Review length as measured by word count were lowest for the 5-star rated books and highest for the 1-star book rating. Does this pattern continue for the new binary rating groups? I tested the null hypothesis that word counts are equal between the two 'high' and 'low' rating categories. To make comparisons between the rating groups I first log-transformed the word count data to address non-normal distributions and performed an independent two-sample t-test for unequal variances. Results of this test on the log-transformed word counts indicate that the word count of all 1-star through 4-star rated reviews is significantly higher than 'five-star' rated reviews (t = 15.5, p = 0.00).

![wordcountboxplot](boxplot.png)
__Figure 4.__ Word counts for reviews with 1 to 4-stars ('not5') are higher than word counts for 5-star ('five') reviews (t=15.5, p=0.0).
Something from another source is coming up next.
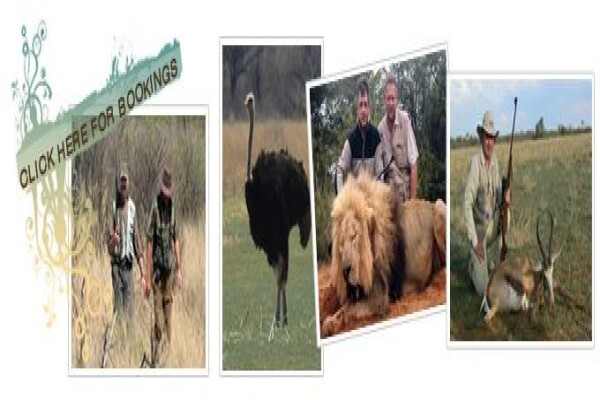 Thandeka Safaris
Count values are log transformed.

Other quantifiable differences between low and high ratings include the percentage of review text entered in uppercase. Text written in all capital characters in reviews may reflect strong negative or positive sentiment by the reviewer. I explored the use of uppercase words in reviews using regular expressions to find and then count all words written in all uppercase.  For comparison between rating categories, I calculated the percentage of words in uppercase from the total number of words per review. There are many small values of percent uppercase words for both rating groups - my methods captured words like 'I' and 'A' and individual words written in uppercase for emphasis. When I considered reviews with 25% or more uppercase words there were 32 5-star reviews and only seven reviews of 4-stars or fewer. The statistical comparison between these two groups indicates there is no difference between the five-star and 1 to 4-star percentages of uppercase words. This analysis was indicative of other sub-groups I considered.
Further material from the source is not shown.